Engels in Neue Rheinische Zeitung August 1848
Cologne, August 26. The Berliner Zeitungs-Halle  carries the following paragraph:
"We recently had occasion to mention that the time has come when the spirit which for so long has held together the old political entities is gradually vanishing. As regards Austria hardly anyone will call this in question, but in Prussia, too, the signs of the times confirming our observation are becoming daily more manifest, and we cannot turn a blind eye to them. There is at present only one interest capable of tying the various provinces to the Prussian state, namely, that of developing liberal political institutions and jointly establishing and promoting a new and free mode of social relations. Silesia, which is making vigorous advances on the road to political and social progress, will hardly be happy in Prussia unless Prussia as a state is entirely adequate to these aspirations. As regards the Province of Saxony we know only too well that ever since its incorporation into the Prussian state it has resented it at heart. And as to the Rhineland, surely everybody will still remember the threats made by the Rhenish deputies prior to March 18, which helped to precipitate the turn of events. There is a growing spirit of alienation in this province. New evidence of this is provided in a now rather widely distributed leaflet which contains no mention of the publisher or place of publication."

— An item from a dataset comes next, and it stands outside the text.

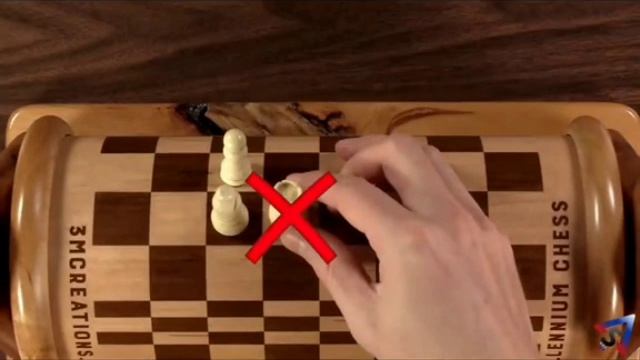 Шахматы третьего тысячелетия #шахматы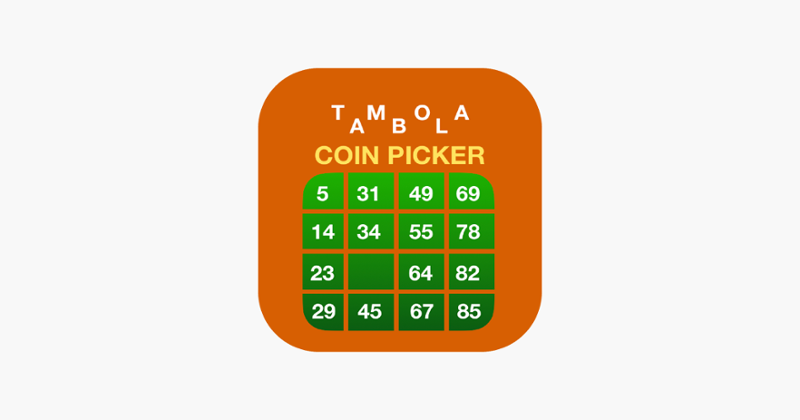 Coin Picker - Tambola Game Cover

The leaflet referred to by the Zeitungs-Halle is presumably known to all our readers.
What must please us is the view -- which is at last advanced by at least one Berliner -- that Berlin does not play the role of Paris as far as either Germany or the Rhineland in particular is concerned. Berlin is beginning to realize that it cannot govern us, cannot acquire the authority befitting a capital city. Berlin has amply proved its incompetence during the indecisive March revolution, during the storming of the armory and during the recent disturbances.  To the irresolution displayed by the people of Berlin is added a complete lack of talent in all parties. Since February the whole movement has not produced a single man capable of leading his party. The spirit in this "capital of the spirit" is indeed very willing but just as weak as the flesh. The Berliners even had to import their Hansemann, their Camphausen and their Milde from the Rhine or Silesia. Far from being a German Paris, Berlin is not even a Prussian Vienna. It is not a metropolis, it is a "seat of the court".
It is, however, noteworthy, that even in Berlin people are coming to the conclusion, long widespread in the Rhineland, that German unity can come about only as a result of the disintegration of the German so-called great powers. We have never concealed our views on this point. We are not enraptured with either the past or present glory of Germany, with either the wars of - independence or the "glorious victories of German arms" in Lombardy and Schleswig. But if Germany is ever to achieve anything she must unite, she must become one state in deed as well as in word. And to bring this about it is necessary above all that there should be "neither an Austria nor a Prussia".  Incidentally, "the spirit" which "for so long held together" us and the old Prussian provinces was a palpable, crude spirit; it was the spirit of 15,000 bayonets and a number of cannon. It was not for nothing that military units of Silesian Poles and Kasubians were stationed here on the Rhine, and that our young men had to serve in guards regiments in Berlin. This was done not in order to reconcile us with the other provinces, but to stir up hatred between the provinces and to exploit the national enmity between the Germans and Slavs, and the regional hatred of every petty German province against all the neighboring provinces, in the interests of patriarchal feudal despotism. Divide et impera!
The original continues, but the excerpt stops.